Segment Open

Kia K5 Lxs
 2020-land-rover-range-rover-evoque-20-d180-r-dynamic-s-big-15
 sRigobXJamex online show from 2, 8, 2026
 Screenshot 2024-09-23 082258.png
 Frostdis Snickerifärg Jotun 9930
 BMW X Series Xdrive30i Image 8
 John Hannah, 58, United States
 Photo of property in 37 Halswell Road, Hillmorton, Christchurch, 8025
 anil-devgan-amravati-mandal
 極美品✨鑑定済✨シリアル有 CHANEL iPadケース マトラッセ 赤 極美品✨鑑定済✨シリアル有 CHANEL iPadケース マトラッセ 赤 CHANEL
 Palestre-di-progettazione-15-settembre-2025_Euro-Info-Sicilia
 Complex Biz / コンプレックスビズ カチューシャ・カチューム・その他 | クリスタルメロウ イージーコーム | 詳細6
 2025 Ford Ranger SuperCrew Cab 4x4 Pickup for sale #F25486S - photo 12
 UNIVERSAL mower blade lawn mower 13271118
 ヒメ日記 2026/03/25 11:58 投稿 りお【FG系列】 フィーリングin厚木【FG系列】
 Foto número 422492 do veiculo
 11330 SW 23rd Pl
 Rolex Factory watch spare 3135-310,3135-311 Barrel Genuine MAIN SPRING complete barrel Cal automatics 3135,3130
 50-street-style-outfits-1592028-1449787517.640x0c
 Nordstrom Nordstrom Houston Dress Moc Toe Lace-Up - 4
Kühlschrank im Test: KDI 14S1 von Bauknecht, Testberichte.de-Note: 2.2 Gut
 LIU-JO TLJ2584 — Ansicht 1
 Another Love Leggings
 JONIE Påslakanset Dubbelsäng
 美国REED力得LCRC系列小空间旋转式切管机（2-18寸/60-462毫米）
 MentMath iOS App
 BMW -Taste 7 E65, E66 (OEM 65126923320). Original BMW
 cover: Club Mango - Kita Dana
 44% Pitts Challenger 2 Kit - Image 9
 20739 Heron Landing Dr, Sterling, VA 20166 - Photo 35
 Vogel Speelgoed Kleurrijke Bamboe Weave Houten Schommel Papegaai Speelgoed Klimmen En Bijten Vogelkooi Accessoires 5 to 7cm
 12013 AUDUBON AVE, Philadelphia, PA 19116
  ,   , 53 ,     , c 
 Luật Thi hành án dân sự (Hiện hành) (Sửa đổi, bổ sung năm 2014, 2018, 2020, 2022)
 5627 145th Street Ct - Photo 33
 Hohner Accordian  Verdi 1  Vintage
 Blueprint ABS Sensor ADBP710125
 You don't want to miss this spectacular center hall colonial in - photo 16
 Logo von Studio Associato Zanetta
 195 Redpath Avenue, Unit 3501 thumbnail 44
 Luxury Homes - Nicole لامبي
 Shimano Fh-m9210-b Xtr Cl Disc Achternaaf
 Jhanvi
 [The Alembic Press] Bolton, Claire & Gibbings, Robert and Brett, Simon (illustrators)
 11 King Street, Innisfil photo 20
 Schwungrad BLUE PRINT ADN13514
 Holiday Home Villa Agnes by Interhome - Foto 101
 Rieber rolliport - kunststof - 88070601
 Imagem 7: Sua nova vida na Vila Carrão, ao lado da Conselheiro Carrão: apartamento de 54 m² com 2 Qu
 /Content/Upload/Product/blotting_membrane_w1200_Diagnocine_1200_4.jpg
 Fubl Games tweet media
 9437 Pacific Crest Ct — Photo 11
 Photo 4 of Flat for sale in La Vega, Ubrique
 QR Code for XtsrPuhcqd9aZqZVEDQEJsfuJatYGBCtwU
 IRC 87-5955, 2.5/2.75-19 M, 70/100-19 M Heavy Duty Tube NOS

Segment Closed

Action item -
Give back, exactly as written, the stretch from the line with "MentMath iOS App" through the line with "12013 AUDUBON AVE, Philadelphia, PA 19116", and no other lines from the records above.

Solution to this task -
 MentMath iOS App
 BMW -Taste 7 E65, E66 (OEM 65126923320). Original BMW
 cover: Club Mango - Kita Dana
 44% Pitts Challenger 2 Kit - Image 9
 20739 Heron Landing Dr, Sterling, VA 20166 - Photo 35
 Vogel Speelgoed Kleurrijke Bamboe Weave Houten Schommel Papegaai Speelgoed Klimmen En Bijten Vogelkooi Accessoires 5 to 7cm
 12013 AUDUBON AVE, Philadelphia, PA 19116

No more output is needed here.